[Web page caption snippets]
====

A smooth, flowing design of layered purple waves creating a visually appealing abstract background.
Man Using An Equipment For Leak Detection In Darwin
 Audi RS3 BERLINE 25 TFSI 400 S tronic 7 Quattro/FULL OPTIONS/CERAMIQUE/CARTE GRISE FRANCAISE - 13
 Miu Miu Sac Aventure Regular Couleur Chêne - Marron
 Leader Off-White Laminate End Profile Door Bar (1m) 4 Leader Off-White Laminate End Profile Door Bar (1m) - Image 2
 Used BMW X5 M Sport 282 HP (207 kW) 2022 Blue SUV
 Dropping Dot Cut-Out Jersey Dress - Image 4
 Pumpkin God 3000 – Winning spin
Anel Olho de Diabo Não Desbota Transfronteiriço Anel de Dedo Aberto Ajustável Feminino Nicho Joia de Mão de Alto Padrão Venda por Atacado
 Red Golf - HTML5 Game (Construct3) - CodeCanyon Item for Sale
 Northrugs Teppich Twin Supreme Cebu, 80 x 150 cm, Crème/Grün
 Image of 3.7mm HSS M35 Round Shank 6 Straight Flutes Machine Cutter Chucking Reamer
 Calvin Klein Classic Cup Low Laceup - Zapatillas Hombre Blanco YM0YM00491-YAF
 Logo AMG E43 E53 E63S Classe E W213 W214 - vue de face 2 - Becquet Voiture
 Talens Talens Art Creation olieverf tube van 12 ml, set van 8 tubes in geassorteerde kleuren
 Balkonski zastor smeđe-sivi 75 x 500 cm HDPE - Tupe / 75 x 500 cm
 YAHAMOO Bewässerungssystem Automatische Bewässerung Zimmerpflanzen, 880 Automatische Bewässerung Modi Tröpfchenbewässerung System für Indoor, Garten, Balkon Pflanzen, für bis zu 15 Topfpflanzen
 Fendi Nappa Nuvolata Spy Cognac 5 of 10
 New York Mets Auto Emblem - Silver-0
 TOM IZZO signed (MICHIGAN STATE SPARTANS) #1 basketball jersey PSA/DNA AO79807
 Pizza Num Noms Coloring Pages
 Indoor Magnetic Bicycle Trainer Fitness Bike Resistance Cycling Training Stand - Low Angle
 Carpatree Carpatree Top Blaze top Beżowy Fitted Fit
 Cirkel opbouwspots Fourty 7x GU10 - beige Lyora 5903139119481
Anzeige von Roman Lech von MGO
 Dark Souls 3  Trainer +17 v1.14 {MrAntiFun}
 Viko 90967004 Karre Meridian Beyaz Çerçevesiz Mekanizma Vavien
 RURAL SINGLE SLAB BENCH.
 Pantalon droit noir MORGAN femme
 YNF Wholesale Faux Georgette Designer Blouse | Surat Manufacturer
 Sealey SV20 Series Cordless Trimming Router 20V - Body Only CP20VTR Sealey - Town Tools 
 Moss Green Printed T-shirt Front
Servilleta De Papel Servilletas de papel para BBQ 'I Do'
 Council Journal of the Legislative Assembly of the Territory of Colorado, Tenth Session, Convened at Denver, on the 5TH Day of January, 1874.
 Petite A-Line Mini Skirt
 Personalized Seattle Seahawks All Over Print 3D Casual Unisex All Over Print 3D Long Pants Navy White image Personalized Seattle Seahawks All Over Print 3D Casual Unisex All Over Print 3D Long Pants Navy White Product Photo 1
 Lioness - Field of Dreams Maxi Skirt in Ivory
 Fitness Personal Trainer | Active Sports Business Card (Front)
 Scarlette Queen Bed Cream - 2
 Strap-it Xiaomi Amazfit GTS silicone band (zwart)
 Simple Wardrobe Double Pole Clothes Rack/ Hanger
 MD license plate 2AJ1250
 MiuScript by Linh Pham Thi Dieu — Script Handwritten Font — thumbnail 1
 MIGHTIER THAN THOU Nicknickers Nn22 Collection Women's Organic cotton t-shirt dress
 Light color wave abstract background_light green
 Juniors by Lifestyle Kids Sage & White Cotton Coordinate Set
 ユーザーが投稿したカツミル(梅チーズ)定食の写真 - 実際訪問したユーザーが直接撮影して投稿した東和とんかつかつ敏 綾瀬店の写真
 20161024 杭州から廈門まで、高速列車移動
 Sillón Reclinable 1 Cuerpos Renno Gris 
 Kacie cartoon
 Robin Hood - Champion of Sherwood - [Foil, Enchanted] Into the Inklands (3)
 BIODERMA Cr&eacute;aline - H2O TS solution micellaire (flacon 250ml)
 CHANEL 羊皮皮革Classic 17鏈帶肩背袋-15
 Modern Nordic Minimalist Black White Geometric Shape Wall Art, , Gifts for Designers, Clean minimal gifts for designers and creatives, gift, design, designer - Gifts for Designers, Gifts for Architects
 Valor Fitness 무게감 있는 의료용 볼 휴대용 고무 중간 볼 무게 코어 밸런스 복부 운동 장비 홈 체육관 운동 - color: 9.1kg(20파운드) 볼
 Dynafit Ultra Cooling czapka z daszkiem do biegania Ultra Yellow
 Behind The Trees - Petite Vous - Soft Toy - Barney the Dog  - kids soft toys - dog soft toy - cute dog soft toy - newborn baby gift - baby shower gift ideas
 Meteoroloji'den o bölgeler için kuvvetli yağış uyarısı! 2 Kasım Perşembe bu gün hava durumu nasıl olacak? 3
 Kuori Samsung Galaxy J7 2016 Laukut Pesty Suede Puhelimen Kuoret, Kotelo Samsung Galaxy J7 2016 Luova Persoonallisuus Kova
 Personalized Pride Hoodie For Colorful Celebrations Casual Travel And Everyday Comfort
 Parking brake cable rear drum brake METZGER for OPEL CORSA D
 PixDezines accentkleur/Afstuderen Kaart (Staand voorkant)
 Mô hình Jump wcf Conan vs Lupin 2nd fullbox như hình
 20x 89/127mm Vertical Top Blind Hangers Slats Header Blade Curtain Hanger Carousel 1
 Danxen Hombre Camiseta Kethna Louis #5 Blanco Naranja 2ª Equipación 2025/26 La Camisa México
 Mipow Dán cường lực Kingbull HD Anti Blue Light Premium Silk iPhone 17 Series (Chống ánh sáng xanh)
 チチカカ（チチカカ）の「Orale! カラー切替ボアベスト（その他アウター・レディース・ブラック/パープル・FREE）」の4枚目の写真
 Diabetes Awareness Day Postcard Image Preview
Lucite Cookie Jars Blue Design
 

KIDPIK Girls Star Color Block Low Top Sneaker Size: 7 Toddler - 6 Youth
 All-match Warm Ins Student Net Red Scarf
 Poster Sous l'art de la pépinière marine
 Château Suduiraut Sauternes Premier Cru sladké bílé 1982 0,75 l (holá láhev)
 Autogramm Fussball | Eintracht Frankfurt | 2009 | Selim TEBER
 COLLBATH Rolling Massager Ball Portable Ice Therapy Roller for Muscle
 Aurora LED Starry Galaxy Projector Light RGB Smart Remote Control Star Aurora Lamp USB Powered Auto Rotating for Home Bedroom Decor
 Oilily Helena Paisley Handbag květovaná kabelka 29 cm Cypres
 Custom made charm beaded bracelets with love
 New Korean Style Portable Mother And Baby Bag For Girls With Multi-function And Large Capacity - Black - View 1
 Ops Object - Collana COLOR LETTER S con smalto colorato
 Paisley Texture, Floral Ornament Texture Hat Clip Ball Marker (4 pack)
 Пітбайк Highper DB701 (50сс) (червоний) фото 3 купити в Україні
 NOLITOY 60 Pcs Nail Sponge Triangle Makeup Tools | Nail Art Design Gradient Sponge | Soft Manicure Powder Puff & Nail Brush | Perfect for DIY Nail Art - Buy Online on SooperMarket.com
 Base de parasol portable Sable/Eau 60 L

====

Task brief :: The records above should all be quoted exactly, please.

Exercise result ::
A smooth, flowing design of layered purple waves creating a visually appealing abstract background.
Man Using An Equipment For Leak Detection In Darwin
 Audi RS3 BERLINE 25 TFSI 400 S tronic 7 Quattro/FULL OPTIONS/CERAMIQUE/CARTE GRISE FRANCAISE - 13
 Miu Miu Sac Aventure Regular Couleur Chêne - Marron
 Leader Off-White Laminate End Profile Door Bar (1m) 4 Leader Off-White Laminate End Profile Door Bar (1m) - Image 2
 Used BMW X5 M Sport 282 HP (207 kW) 2022 Blue SUV
 Dropping Dot Cut-Out Jersey Dress - Image 4
 Pumpkin God 3000 – Winning spin
Anel Olho de Diabo Não Desbota Transfronteiriço Anel de Dedo Aberto Ajustável Feminino Nicho Joia de Mão de Alto Padrão Venda por Atacado
 Red Golf - HTML5 Game (Construct3) - CodeCanyon Item for Sale
 Northrugs Teppich Twin Supreme Cebu, 80 x 150 cm, Crème/Grün
 Image of 3.7mm HSS M35 Round Shank 6 Straight Flutes Machine Cutter Chucking Reamer
 Calvin Klein Classic Cup Low Laceup - Zapatillas Hombre Blanco YM0YM00491-YAF
 Logo AMG E43 E53 E63S Classe E W213 W214 - vue de face 2 - Becquet Voiture
 Talens Talens Art Creation olieverf tube van 12 ml, set van 8 tubes in geassorteerde kleuren
 Balkonski zastor smeđe-sivi 75 x 500 cm HDPE - Tupe / 75 x 500 cm
 YAHAMOO Bewässerungssystem Automatische Bewässerung Zimmerpflanzen, 880 Automatische Bewässerung Modi Tröpfchenbewässerung System für Indoor, Garten, Balkon Pflanzen, für bis zu 15 Topfpflanzen
 Fendi Nappa Nuvolata Spy Cognac 5 of 10
 New York Mets Auto Emblem - Silver-0
 TOM IZZO signed (MICHIGAN STATE SPARTANS) #1 basketball jersey PSA/DNA AO79807
 Pizza Num Noms Coloring Pages
 Indoor Magnetic Bicycle Trainer Fitness Bike Resistance Cycling Training Stand - Low Angle
 Carpatree Carpatree Top Blaze top Beżowy Fitted Fit
 Cirkel opbouwspots Fourty 7x GU10 - beige Lyora 5903139119481
Anzeige von Roman Lech von MGO
 Dark Souls 3  Trainer +17 v1.14 {MrAntiFun}
 Viko 90967004 Karre Meridian Beyaz Çerçevesiz Mekanizma Vavien
 RURAL SINGLE SLAB BENCH.
 Pantalon droit noir MORGAN femme
 YNF Wholesale Faux Georgette Designer Blouse | Surat Manufacturer
 Sealey SV20 Series Cordless Trimming Router 20V - Body Only CP20VTR Sealey - Town Tools 
 Moss Green Printed T-shirt Front
Servilleta De Papel Servilletas de papel para BBQ 'I Do'
 Council Journal of the Legislative Assembly of the Territory of Colorado, Tenth Session, Convened at Denver, on the 5TH Day of January, 1874.
 Petite A-Line Mini Skirt
 Personalized Seattle Seahawks All Over Print 3D Casual Unisex All Over Print 3D Long Pants Navy White image Personalized Seattle Seahawks All Over Print 3D Casual Unisex All Over Print 3D Long Pants Navy White Product Photo 1
 Lioness - Field of Dreams Maxi Skirt in Ivory
 Fitness Personal Trainer | Active Sports Business Card (Front)
 Scarlette Queen Bed Cream - 2
 Strap-it Xiaomi Amazfit GTS silicone band (zwart)
 Simple Wardrobe Double Pole Clothes Rack/ Hanger
 MD license plate 2AJ1250
 MiuScript by Linh Pham Thi Dieu — Script Handwritten Font — thumbnail 1
 MIGHTIER THAN THOU Nicknickers Nn22 Collection Women's Organic cotton t-shirt dress
 Light color wave abstract background_light green
 Juniors by Lifestyle Kids Sage & White Cotton Coordinate Set
 ユーザーが投稿したカツミル(梅チーズ)定食の写真 - 実際訪問したユーザーが直接撮影して投稿した東和とんかつかつ敏 綾瀬店の写真
 20161024 杭州から廈門まで、高速列車移動
 Sillón Reclinable 1 Cuerpos Renno Gris 
 Kacie cartoon
 Robin Hood - Champion of Sherwood - [Foil, Enchanted] Into the Inklands (3)
 BIODERMA Cr&eacute;aline - H2O TS solution micellaire (flacon 250ml)
 CHANEL 羊皮皮革Classic 17鏈帶肩背袋-15
 Modern Nordic Minimalist Black White Geometric Shape Wall Art, , Gifts for Designers, Clean minimal gifts for designers and creatives, gift, design, designer - Gifts for Designers, Gifts for Architects
 Valor Fitness 무게감 있는 의료용 볼 휴대용 고무 중간 볼 무게 코어 밸런스 복부 운동 장비 홈 체육관 운동 - color: 9.1kg(20파운드) 볼
 Dynafit Ultra Cooling czapka z daszkiem do biegania Ultra Yellow
 Behind The Trees - Petite Vous - Soft Toy - Barney the Dog  - kids soft toys - dog soft toy - cute dog soft toy - newborn baby gift - baby shower gift ideas
 Meteoroloji'den o bölgeler için kuvvetli yağış uyarısı! 2 Kasım Perşembe bu gün hava durumu nasıl olacak? 3
 Kuori Samsung Galaxy J7 2016 Laukut Pesty Suede Puhelimen Kuoret, Kotelo Samsung Galaxy J7 2016 Luova Persoonallisuus Kova
 Personalized Pride Hoodie For Colorful Celebrations Casual Travel And Everyday Comfort
 Parking brake cable rear drum brake METZGER for OPEL CORSA D
 PixDezines accentkleur/Afstuderen Kaart (Staand voorkant)
 Mô hình Jump wcf Conan vs Lupin 2nd fullbox như hình
 20x 89/127mm Vertical Top Blind Hangers Slats Header Blade Curtain Hanger Carousel 1
 Danxen Hombre Camiseta Kethna Louis #5 Blanco Naranja 2ª Equipación 2025/26 La Camisa México
 Mipow Dán cường lực Kingbull HD Anti Blue Light Premium Silk iPhone 17 Series (Chống ánh sáng xanh)
 チチカカ（チチカカ）の「Orale! カラー切替ボアベスト（その他アウター・レディース・ブラック/パープル・FREE）」の4枚目の写真
 Diabetes Awareness Day Postcard Image Preview
Lucite Cookie Jars Blue Design
 

KIDPIK Girls Star Color Block Low Top Sneaker Size: 7 Toddler - 6 Youth
 All-match Warm Ins Student Net Red Scarf
 Poster Sous l'art de la pépinière marine
 Château Suduiraut Sauternes Premier Cru sladké bílé 1982 0,75 l (holá láhev)
 Autogramm Fussball | Eintracht Frankfurt | 2009 | Selim TEBER
 COLLBATH Rolling Massager Ball Portable Ice Therapy Roller for Muscle
 Aurora LED Starry Galaxy Projector Light RGB Smart Remote Control Star Aurora Lamp USB Powered Auto Rotating for Home Bedroom Decor
 Oilily Helena Paisley Handbag květovaná kabelka 29 cm Cypres
 Custom made charm beaded bracelets with love
 New Korean Style Portable Mother And Baby Bag For Girls With Multi-function And Large Capacity - Black - View 1
 Ops Object - Collana COLOR LETTER S con smalto colorato
 Paisley Texture, Floral Ornament Texture Hat Clip Ball Marker (4 pack)
 Пітбайк Highper DB701 (50сс) (червоний) фото 3 купити в Україні
 NOLITOY 60 Pcs Nail Sponge Triangle Makeup Tools | Nail Art Design Gradient Sponge | Soft Manicure Powder Puff & Nail Brush | Perfect for DIY Nail Art - Buy Online on SooperMarket.com
 Base de parasol portable Sable/Eau 60 L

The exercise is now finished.